--- Available records ---

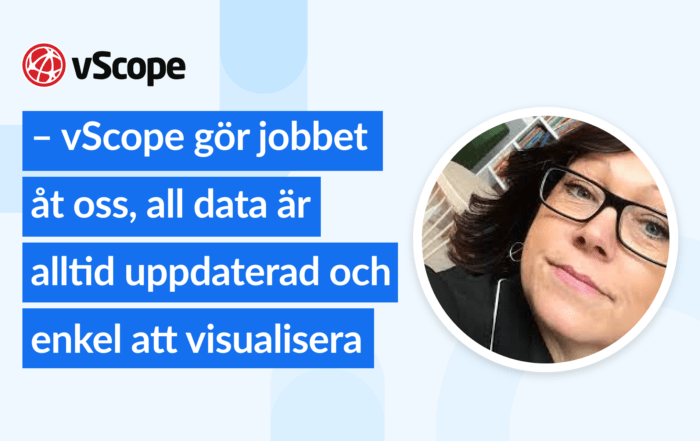 Bild på Åsa Woolke, vScope logo och ett citat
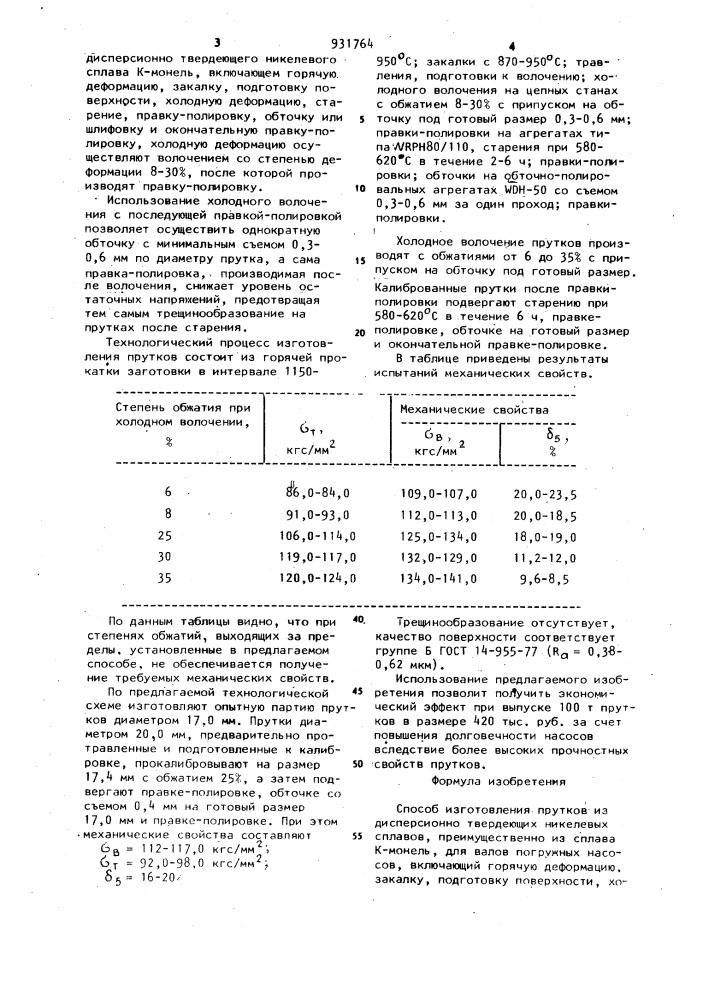 Способ изготовления прутков из дисперсионно твердеющих никелевых сплавов (патент 931764)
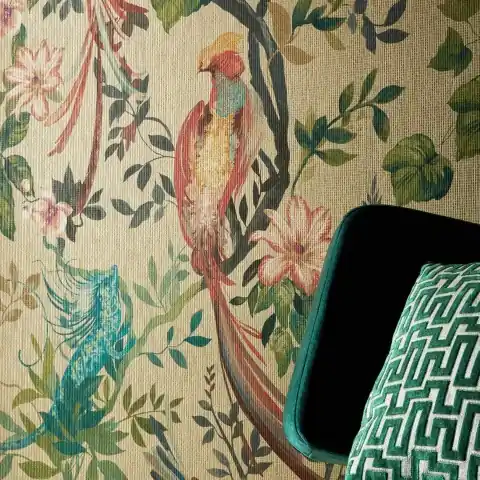 Reducere Tapet, Bird Sonnet, Lacquer Luxury Paperweave, (fibre naturale), 1838 Wallcoverings, 5.1mp / rola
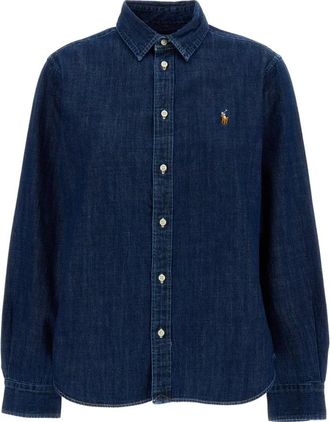 Polo Ralph Lauren Overhemden, Dames, Blauw, 2Xs, Katoen, Woven-Sport Shirt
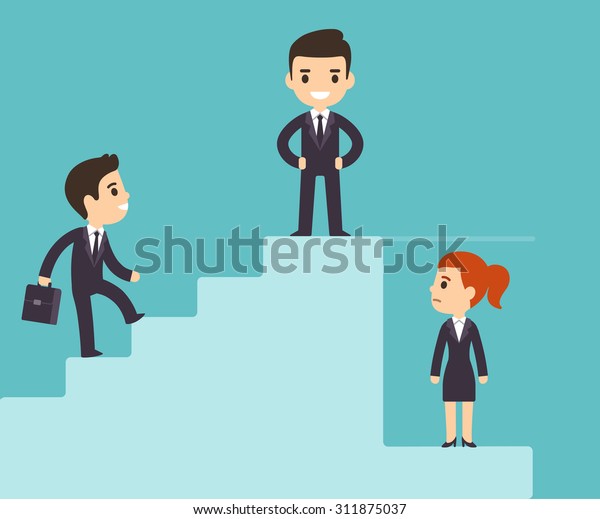 Cartoon Business Men Climbing Corporate Ladder Stock Vector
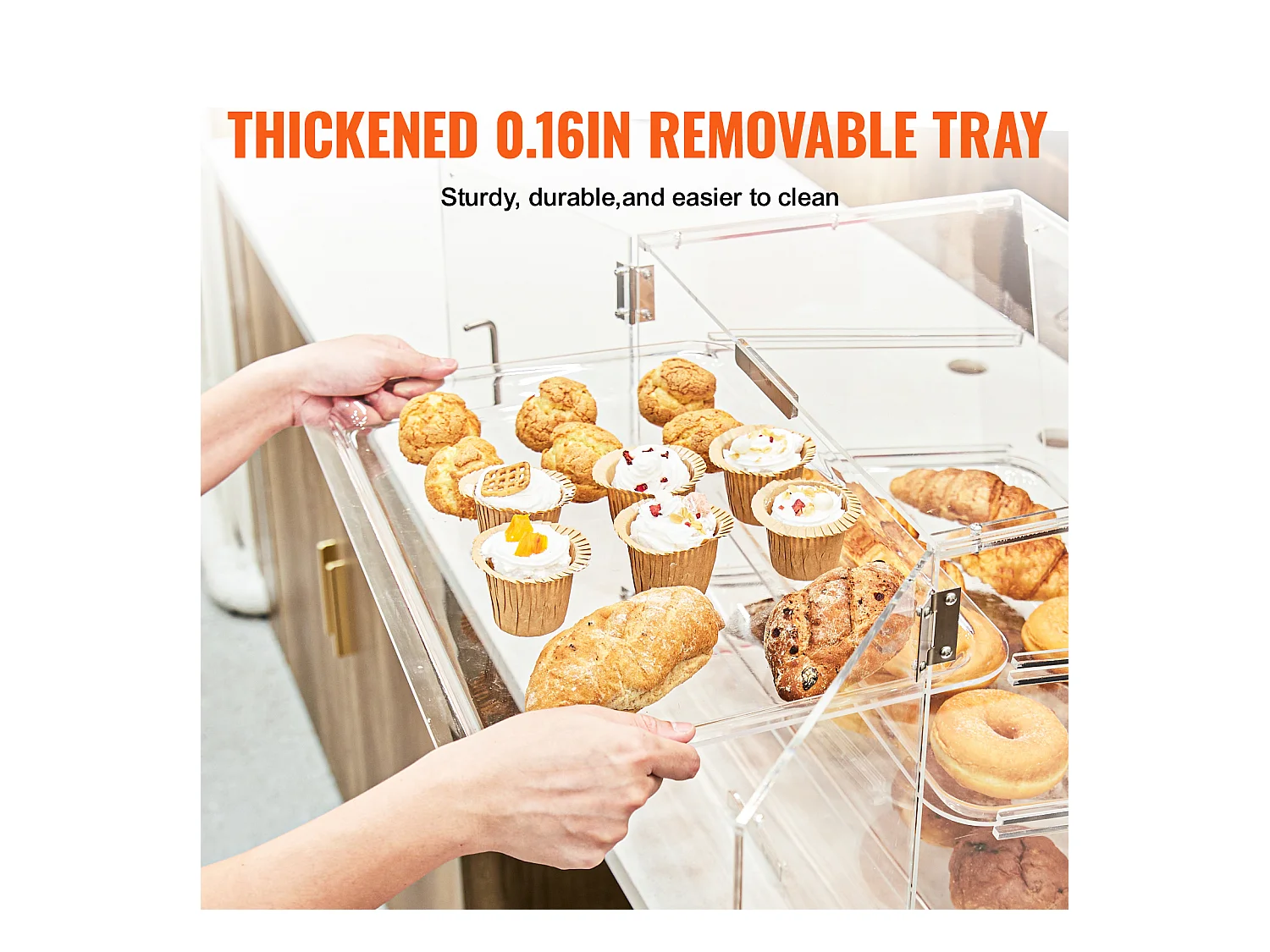 Bäckervitrine SucceBuy aus Acryl mit 2 Ebenen, Donuts-Ständer für Ladentheke mit Hintertür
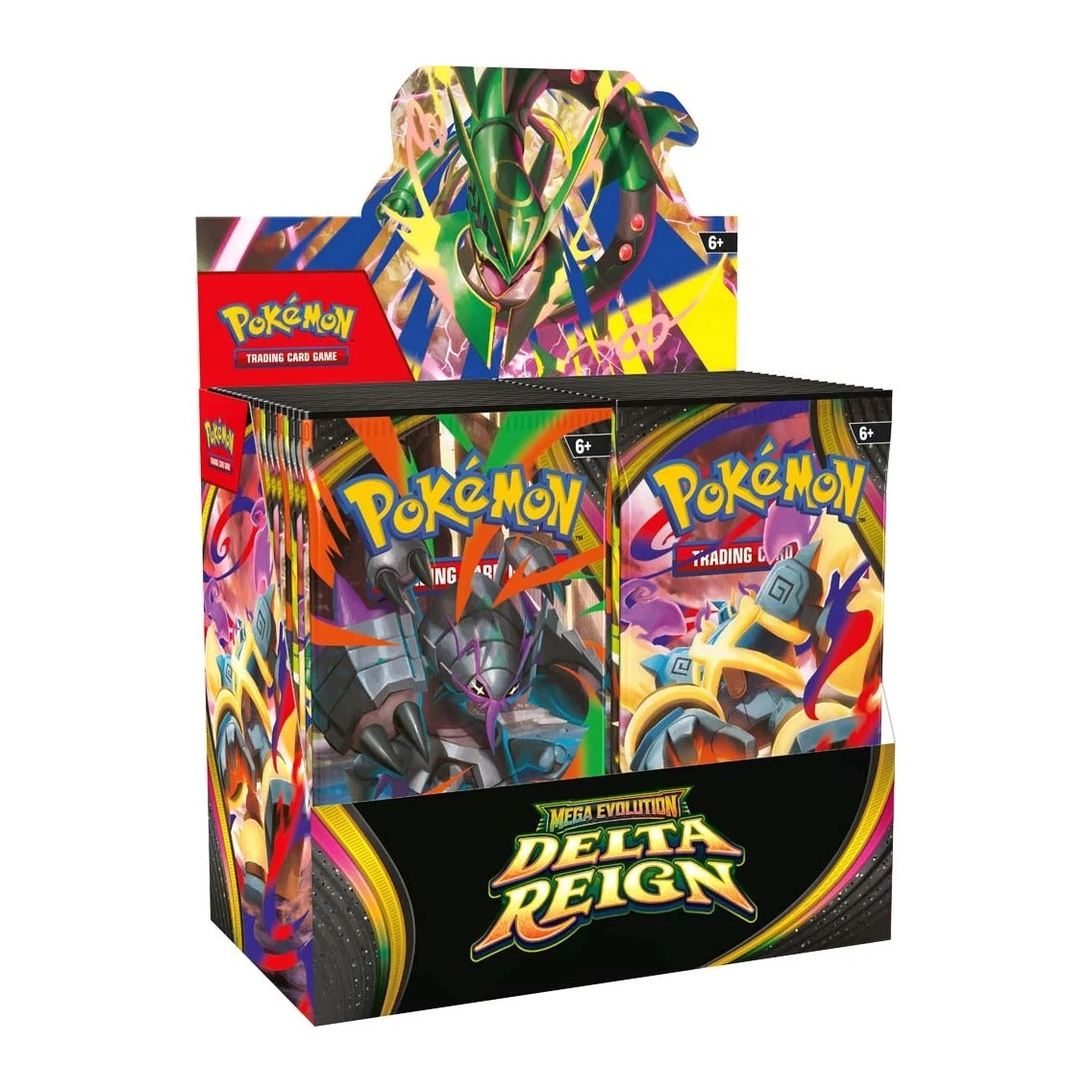 Pokemon TCG Mega Evolution Delta Reign Booster Box, 36 sealed booster packs with Mega Rayquaza ex box art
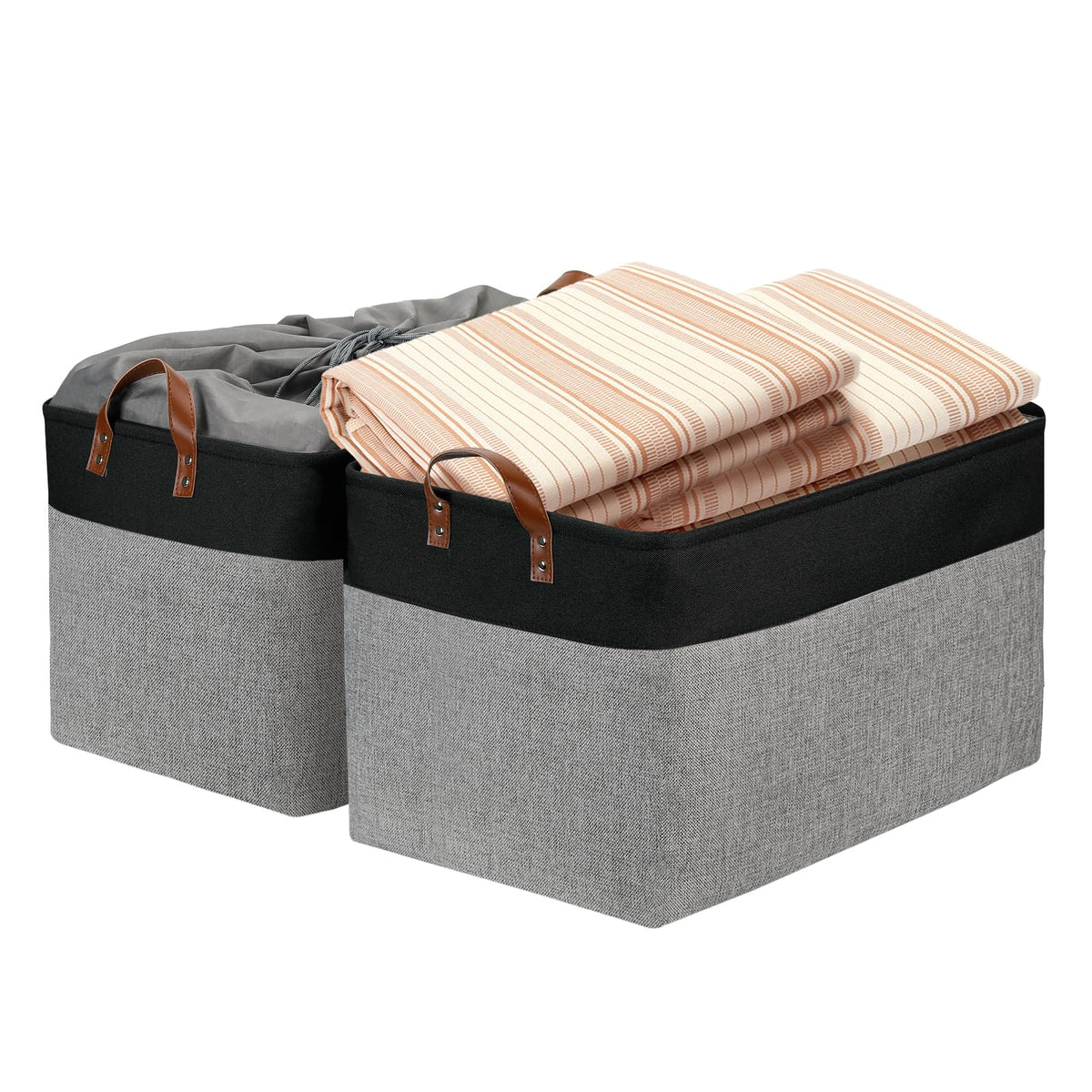 DULLEMELO Extra Large Storage Baskets, Fabric Storage Bins for Organizing Shelves Nursery Toys Books, Closet Baskets and Bins with Handles, Black&Grey, 2-Pack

---

◆ **What you need to do**: All entries must be written out again exactly as given, with no pictures in the copy.

◆ **Solution to this exercise**:
 Bild på Åsa Woolke, vScope logo och ett citat
 Способ изготовления прутков из дисперсионно твердеющих никелевых сплавов (патент 931764)
 Reducere Tapet, Bird Sonnet, Lacquer Luxury Paperweave, (fibre naturale), 1838 Wallcoverings, 5.1mp / rola
 Polo Ralph Lauren Overhemden, Dames, Blauw, 2Xs, Katoen, Woven-Sport Shirt
 Cartoon Business Men Climbing Corporate Ladder Stock Vector
 Bäckervitrine SucceBuy aus Acryl mit 2 Ebenen, Donuts-Ständer für Ladentheke mit Hintertür
 Pokemon TCG Mega Evolution Delta Reign Booster Box, 36 sealed booster packs with Mega Rayquaza ex box art
 DULLEMELO Extra Large Storage Baskets, Fabric Storage Bins for Organizing Shelves Nursery Toys Books, Closet Baskets and Bins with Handles, Black&Grey, 2-Pack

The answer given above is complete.